The cartridge needs to be replaced when full and I have tried many times to buy this item at Lidl but it is never in stock.
The iron cost £59.99 and cannot be properly used until I get the replacement part.
I was told it should be in stock sometime in 2019, which isn’t satisfactory, but I can’t get any further answers. Catherine Docherty, Lanarks
A — I was sure your case would be straightforward to iron out. You had a receipt and had asked for the replacement. Neither Lidl nor the German company it directed you to for warranty issues produced this.
In my dealings with Lidl over several weeks, no indication was given that it would be able to supply the missing part in the near future. As such, your year-old iron was unfit for purpose. Lidl therefore owed you a refund and I told them so.
Finally, Lidl agreed, paying you back the £60 for the iron plus a coupon to use in store.
Q — NEARLY a year ago, I used a PPI firm to get Capital One to agree to a payment due to my late husband. Unfortunately the cheque I got was in his name, so I can’t cash it.
I sent the company his death certificate and our marriage certificate, as requested, but still nothing has been done.

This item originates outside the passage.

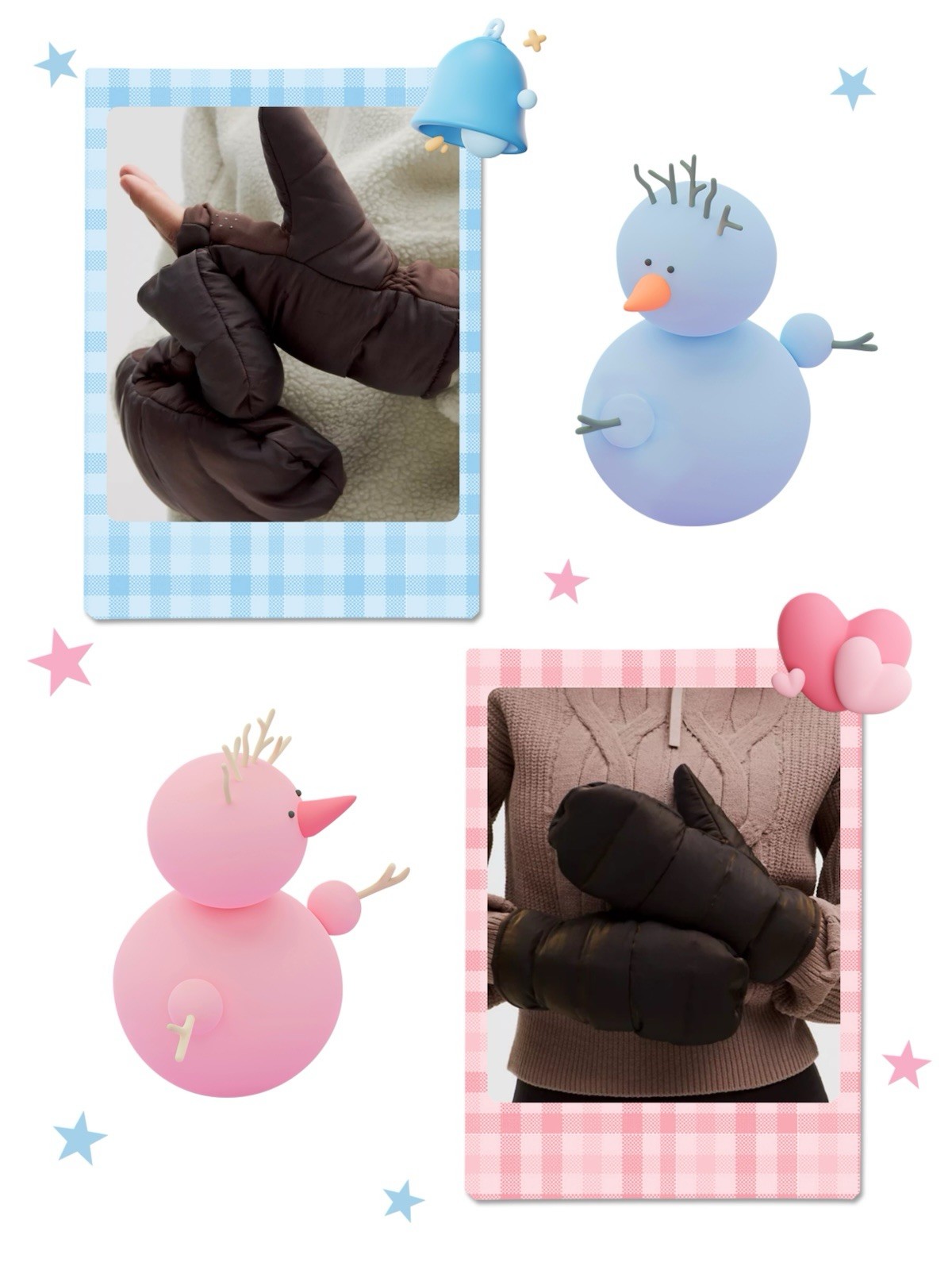 🧤NWT$78 Lululemon Wunder Puff Mittens Iridescent - HESO - Size M/L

Margaret Carmichael, Dumfries & Galloway
A — With neither the PPI firm that you were paying a huge commission to, nor Capital One helping you with this, you called on me.
I asked Capital One to look into your case again and it sprang into action, sending a cheque made out to you for nearly £600. You were delighted.
Q — LAST July I made two separate bookings with Ryanair to travel from Birmingham to Dublin – one for my own family and the other for friends.
Before our trip, Ryanair changed its baggage policy. Initially it said we’d all have to pay extra for our bags, later agreeing by email that, as we had booked prior to the changes, there would be no additional charge.
Our friends travelled the day after my family, on the first day of the new baggage charges, and had to pay £80.
On our return trip all of our bags were checked in and no one had to pay any more.
A Ryanair representative confirmed that our friends were entitled to get the £80 refunded. She said it would be very simple to resolve. But following complaints, web chats, emails and expensive phone calls, this is proving to be anything but simple. We’ve had no response and no refund. Geraldine McLeish, Birmingham
A — From November 1, 2018, Ryanair brought in a new baggage policy – all passengers had to pay to take anything but a small handbag on board.
The budget airline agreed to allow you and those you booked for to take a 10kg bag each, free of charge. This backfired for your friends, but a refund seemed impossible.
The day before I contacted the airline, Ryanair washed its hands of your complaint. But three days later – with me on its case – it changed its stance.